> **WHAT TO PRODUCE**:
Write each entry again exactly as shown, but without the images it holds.

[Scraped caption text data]
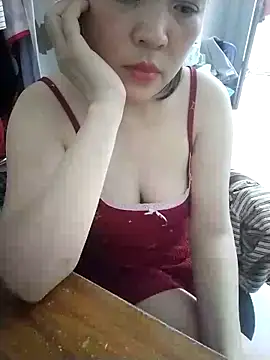 Snapshot of Strawberry-wet chatting on April 2026 05:43:01 AM Strawberry-wet online show from April 2026 05:43:01 AM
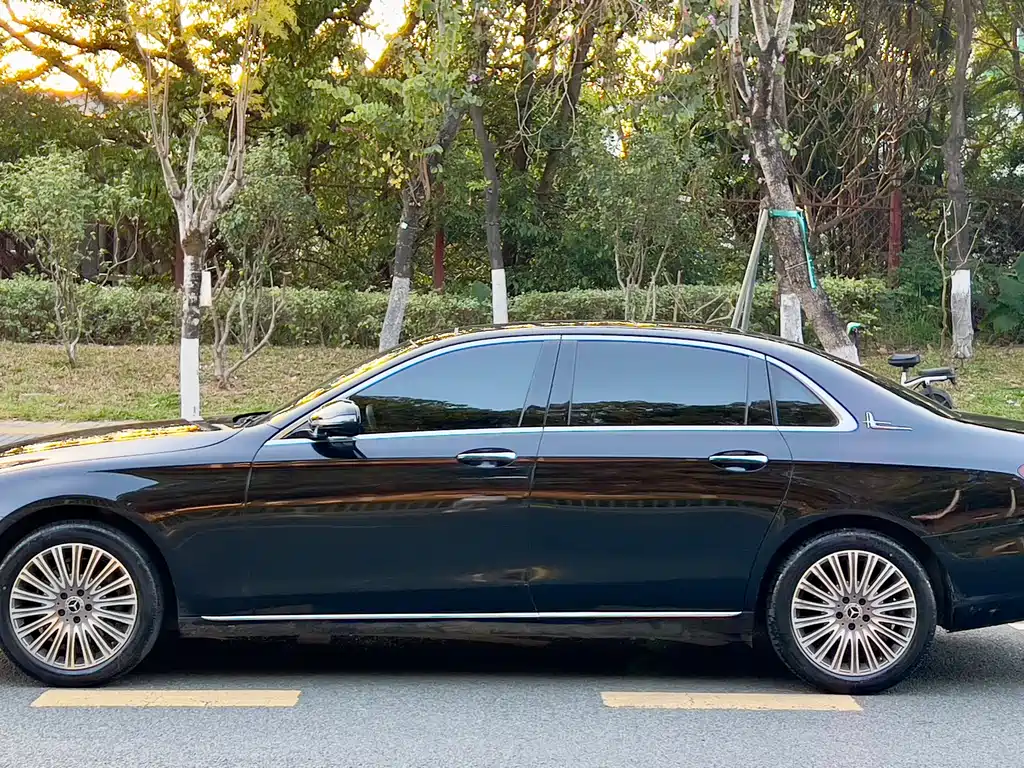 Mercedes-Benz E-Class 2022 E 300 L Luxury Model купить на сайте DeffCars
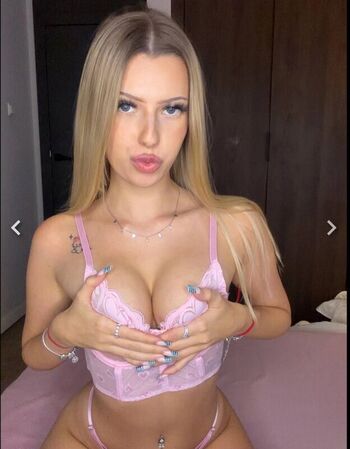 Full leaked Weronikaprincesspl private photo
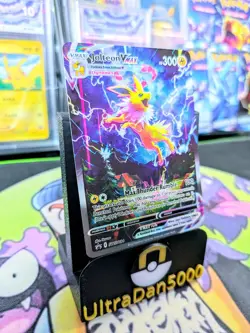 Pokemon TCG: Jolteon VMax SWSH184 Premium Collection Promo Alternative Art - Image 3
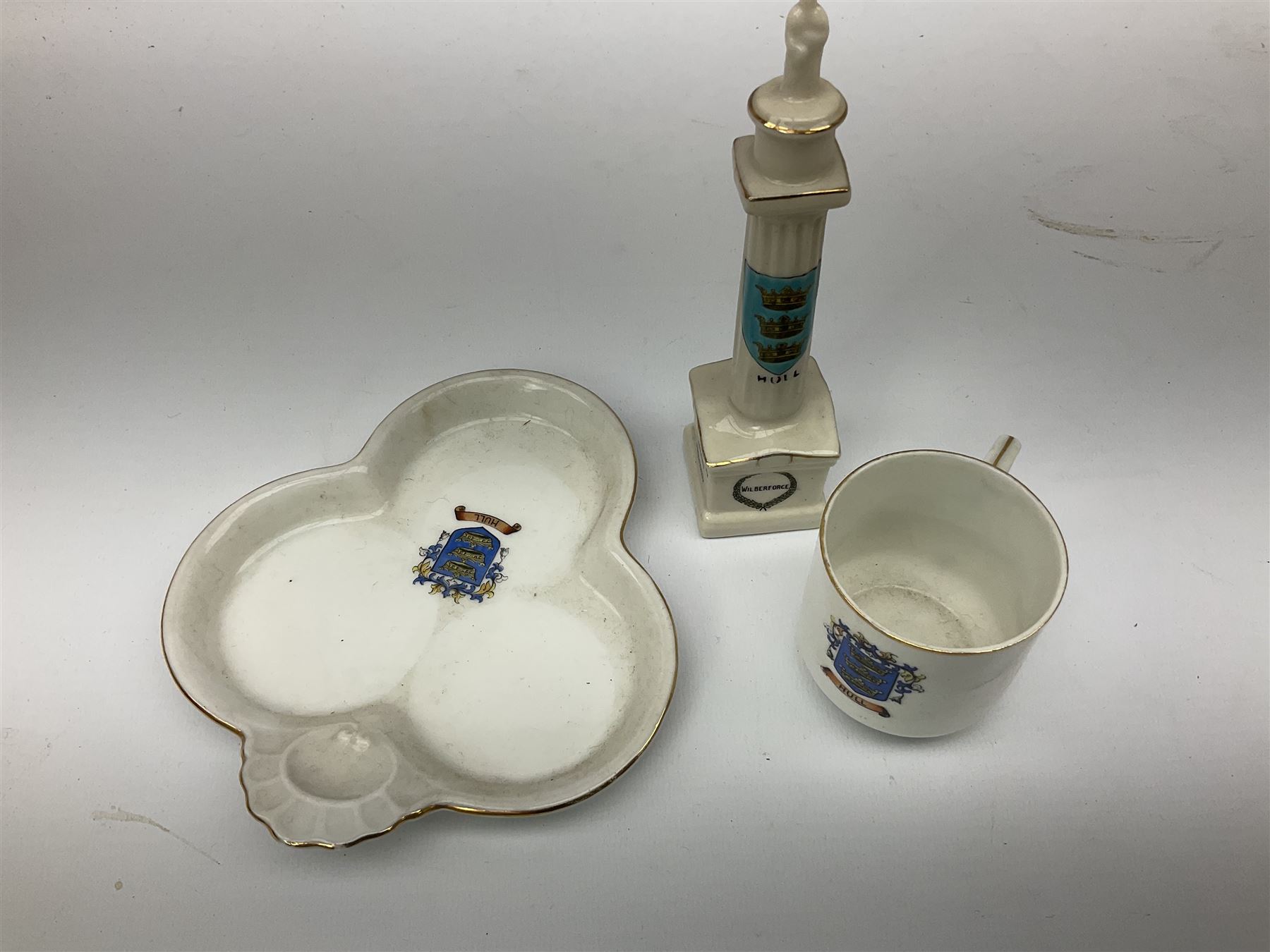 Fourteen items of Hull crested china by W.H. Goss etc including  Boer War, De La Pole and Wilberforce monuments, 3-piece cruet on trefoil stand, various vases and jugs etc  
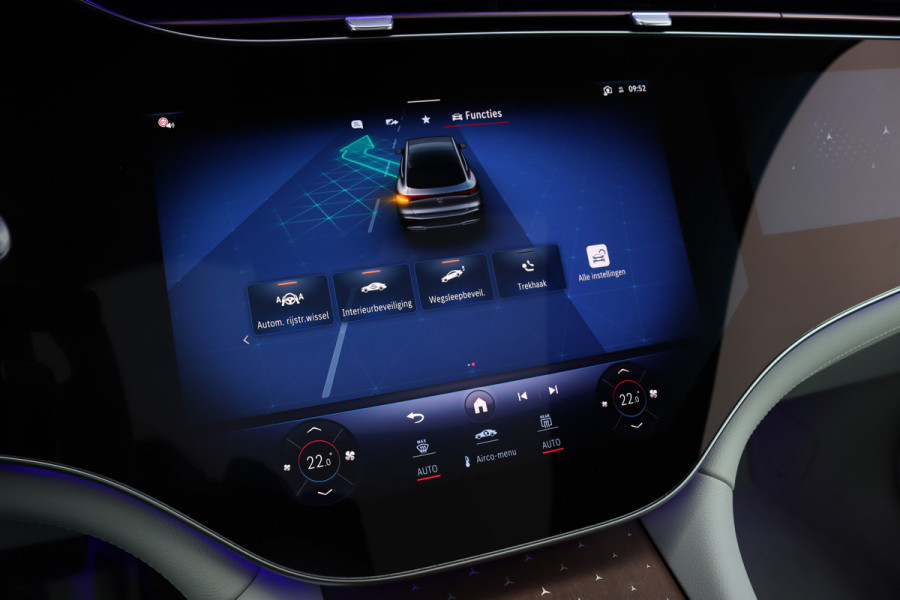 Mercedes-Benz EQS SUV 450 4MATIC AMG Line 118 kWh | Facelift | Hyperscreen | Achterasbesturing | Airmatic | Distronic+ | Massage | Burmester | Trekhaak | Verwarmd Stuurwiel | HUD | Stoelventilatie |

> **RESPONSE AREA**:
 Snapshot of Strawberry-wet chatting on April 2026 05:43:01 AM Strawberry-wet online show from April 2026 05:43:01 AM
 Mercedes-Benz E-Class 2022 E 300 L Luxury Model купить на сайте DeffCars
 Full leaked Weronikaprincesspl private photo
 Pokemon TCG: Jolteon VMax SWSH184 Premium Collection Promo Alternative Art - Image 3
 Fourteen items of Hull crested china by W.H. Goss etc including  Boer War, De La Pole and Wilberforce monuments, 3-piece cruet on trefoil stand, various vases and jugs etc  
 Mercedes-Benz EQS SUV 450 4MATIC AMG Line 118 kWh | Facelift | Hyperscreen | Achterasbesturing | Airmatic | Distronic+ | Massage | Burmester | Trekhaak | Verwarmd Stuurwiel | HUD | Stoelventilatie |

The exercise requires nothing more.